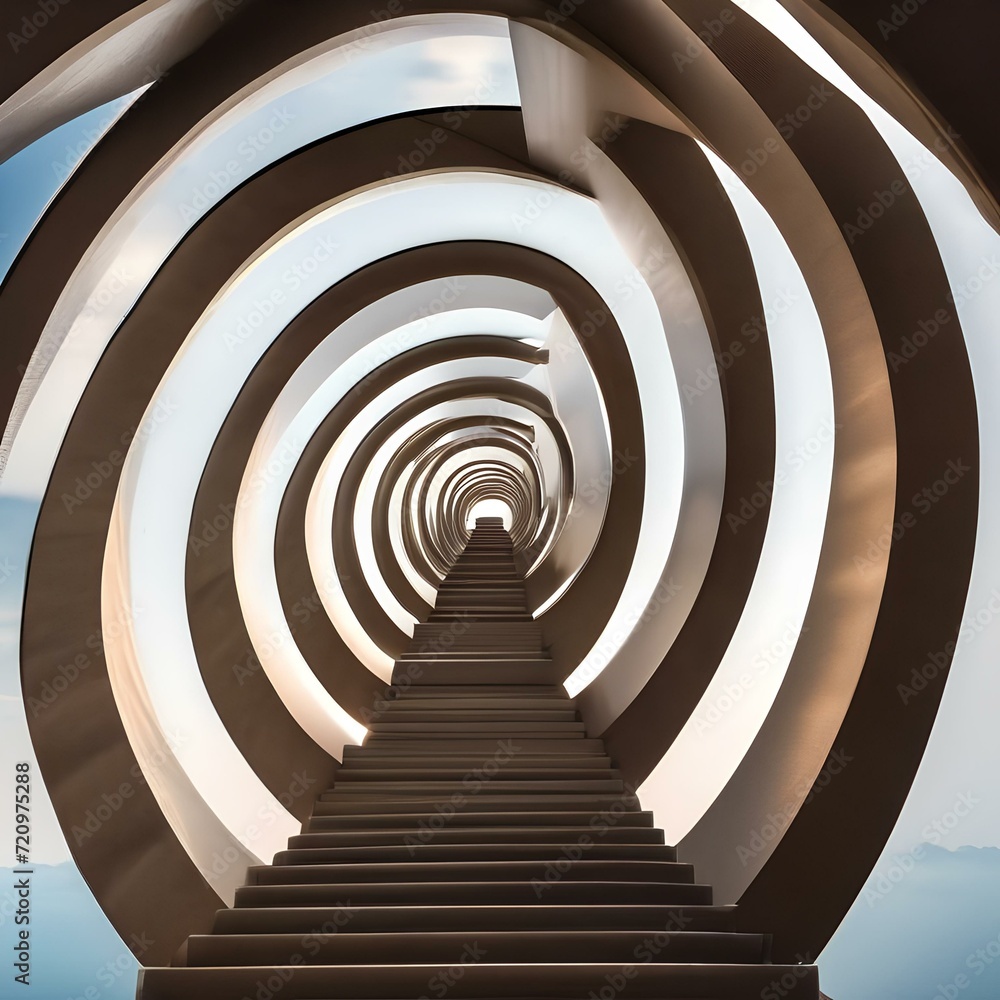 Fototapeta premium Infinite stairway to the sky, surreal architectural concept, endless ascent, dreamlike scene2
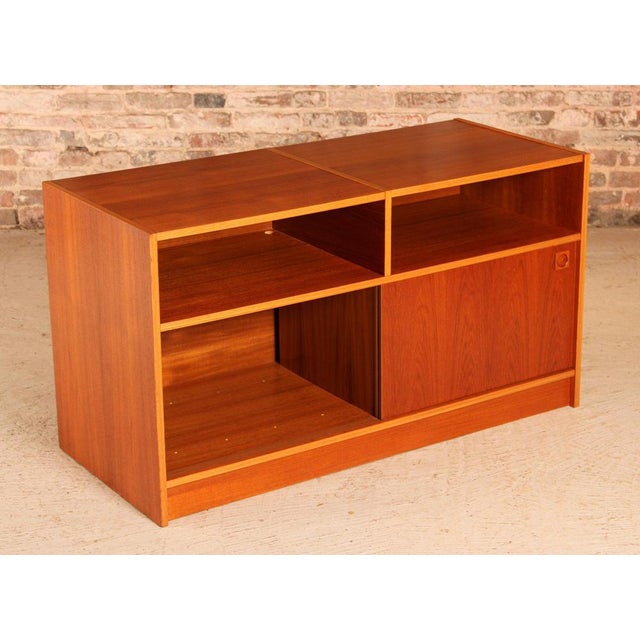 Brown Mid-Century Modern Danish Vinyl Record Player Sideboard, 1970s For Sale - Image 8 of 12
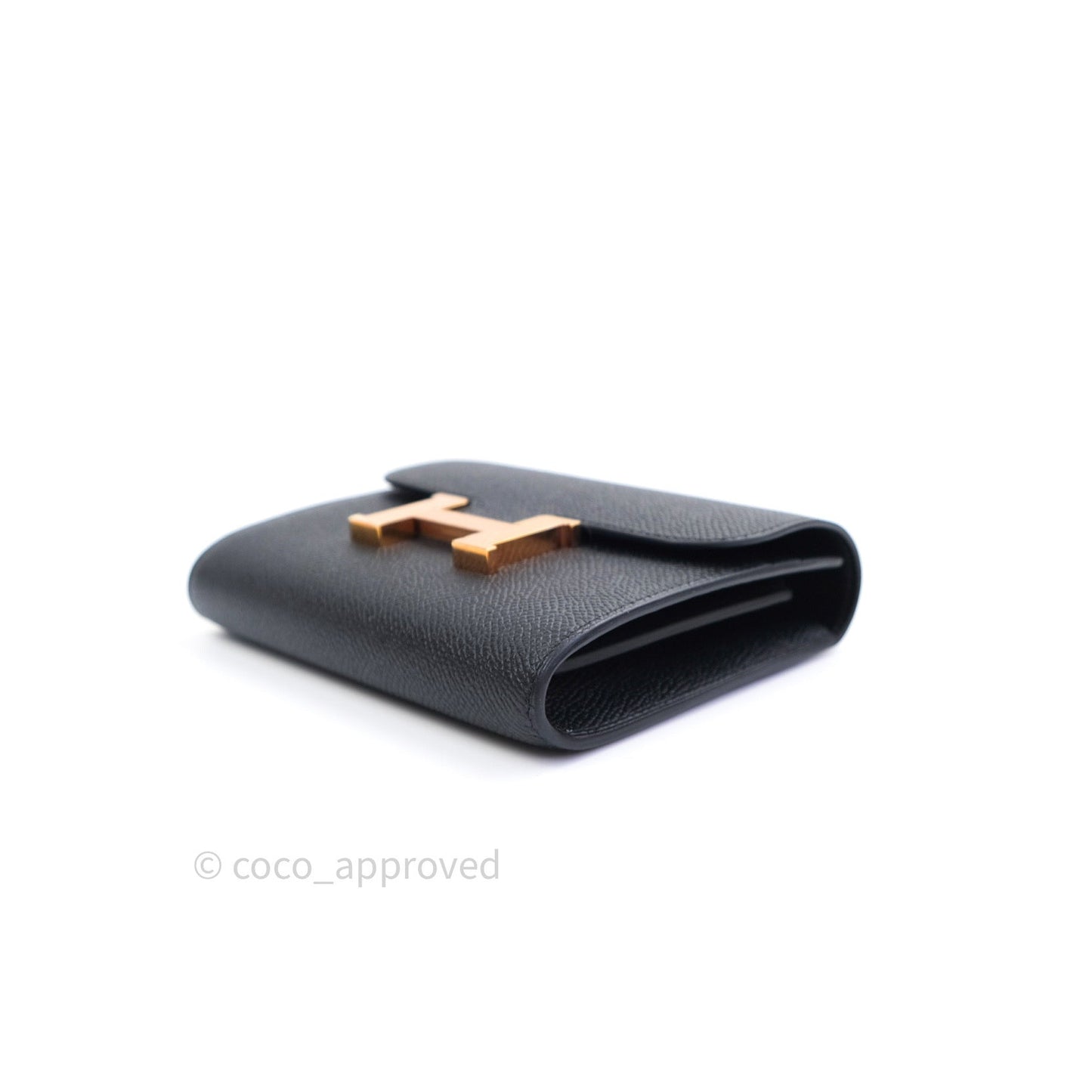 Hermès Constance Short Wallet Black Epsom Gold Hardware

* **Work instruction**
Leave the images out and give the rest of the data again exactly.

* **Result for this task**
 Fototapeta premium Infinite stairway to the sky, surreal architectural concept, endless ascent, dreamlike scene2
 Brown Mid-Century Modern Danish Vinyl Record Player Sideboard, 1970s For Sale - Image 8 of 12
 Hermès Constance Short Wallet Black Epsom Gold Hardware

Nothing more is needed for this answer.